Lorsque les étudiants en licence contactent des enseignants responsables de master pour leur demander comment candidater, ceux qui portent un nom d’origine maghrébine ont 13 % moins de chances d’obtenir une réponse. Les étudiants à mobilité réduite, en revanche, ne sont pas discriminés. Pour la première fois en France, des chercheurs du CNRS ont mené une étude [1] sur la discrimination au sein de l’université. Ils ont envoyé par e-mail à 600 masters d’universités publiques trois demandes d’informations similaires de la part d’étudiants fictifs. Le premier candidat porte un nom d’origine nord-africaine, le deuxième a un nom français et précise qu’il est en fauteuil roulant, le troisième porte un nom d’origine française et ne mentionne pas de handicap.

Le candidat d’origine française non handicapé reçoit une réponse de la part de 70 % des responsables de masters, tandis que le candidat au nom à consonance maghrébine reçoit une réponse dans seulement 61 % des cas. Le candidat à mobilité réduite, quant à lui, reçoit 68 % de réponses, un écart avec le candidat de référence (nom français, sans handicap) jugé non significatif par les chercheurs.

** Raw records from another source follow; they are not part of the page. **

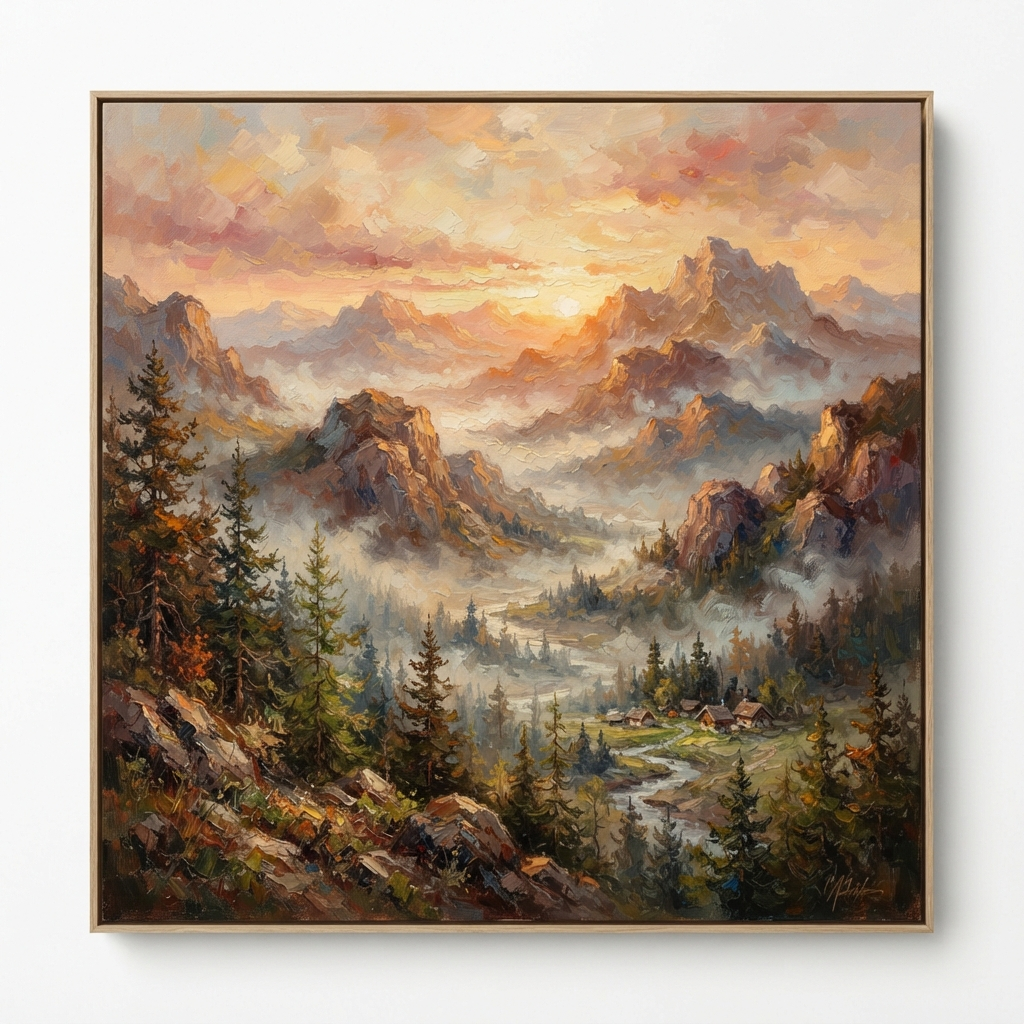 AI image generation vs human art — an AI-generated oil painting of a misty mountain valley at sunrise with visible brushstroke texture, rivaling a human landscape painter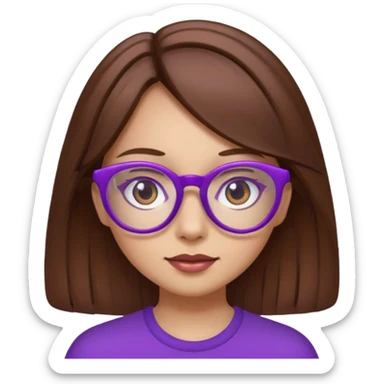 a girl with brown hair that is long and wears purple glasses sticker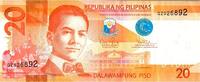 Philippines 20 Piso PHILIPPINEN – PICK 206 a – 20 PISO – 2016 H – SIGNATUR 19 -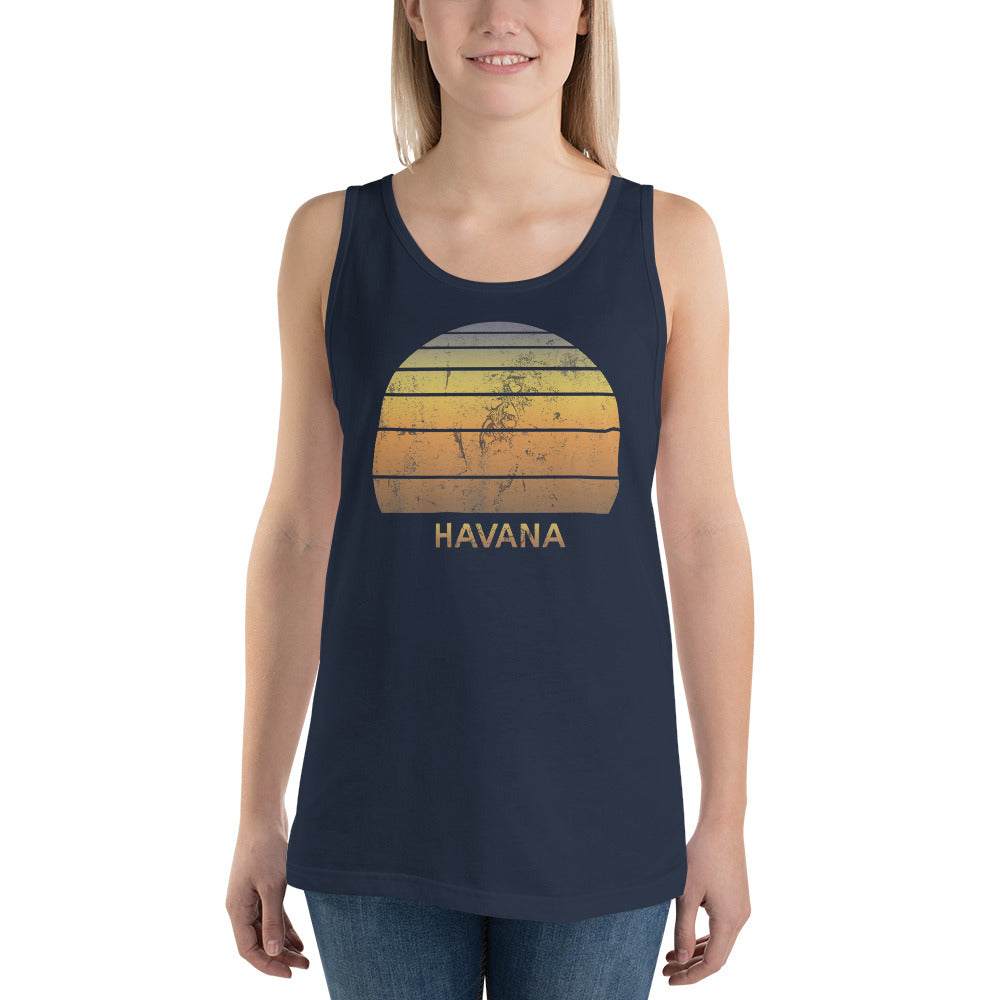 Retro Havana Cuba  Beach Vacation Souvenir Unisex Tank Top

Une discrimination est constatée uniquement à l’entrée des masters les plus sélectifs. En droit, économie, gestion ou dans les filières scientifiques, un candidat d’origine immigrée a environ 20 % de chances en moins d’y obtenir une réponse qu’un candidat apparemment d’origine française. La fréquence maximale de traitement différencié est atteinte dans les filières juridiques, qui devraient pourtant être exemplaires en matière de droits. En sciences humaines et sociales, le taux de réponse (69 %) est exactement le même, et en arts, lettres et langues, les candidats d’origine nord-africaine obtiennent un taux de réponse supérieur, 75 % contre 70 % pour le candidat au nom à consonance française [2].

Pour comprendre les ressorts de la discrimination dans certains masters, les chercheurs ont mené une enquête auprès des responsables de formation sollicités. Les discriminations ethniques sont d’autant plus fréquentes que ces derniers estiment n’avoir pas assez d’informations sur le niveau des étudiants. À défaut d’éléments suffisants pour sélectionner les meilleurs, certains responsables de la sélection partent du principe que les candidats d’origine nord-africaine ont en moyenne de moins bons résultats, et se comportent comme si c’était le cas de tous.

Les responsables de formation n’avaient aucune information sur le niveau individuel des étudiants dans l’e-mail envoyé par les candidats. On ne peut donc déduire de ce testing qu’un candidat d’origine maghrébine est discriminé par rapport à un candidat au nom français, à notes comparables. Il faut aussi souligner que cette preuve d’une discrimination ethnique pour des demandes d’informations ne concerne qu’une partie des formations et des responsables de masters qui, dans leur très grande majorité, traitent les candidats de manière identique.

Pour autant, l’expérience réalisée sur 1 800 candidatures en master prouve que les étudiants d’origine nord-africaine ne sont pas traités partout de la même façon que les autres, au mépris des valeurs prônées par l’institution et de la loi. « Les candidats discriminés devront redoubler d’effort pour accéder à une bonne formation et, pour un niveau donné d’effort, ils accèderont à des formations offrant de moindres débouchés professionnels », notent les auteurs. Pour eux, la discrimination dans la prise d’informations est significative d’un processus plus large : « il est hautement probable que ces différences de traitement révèlent [les] préférences particulières [du responsable de master, ndlr] pour tel ou tel profil de candidats », ajoutent les chercheurs.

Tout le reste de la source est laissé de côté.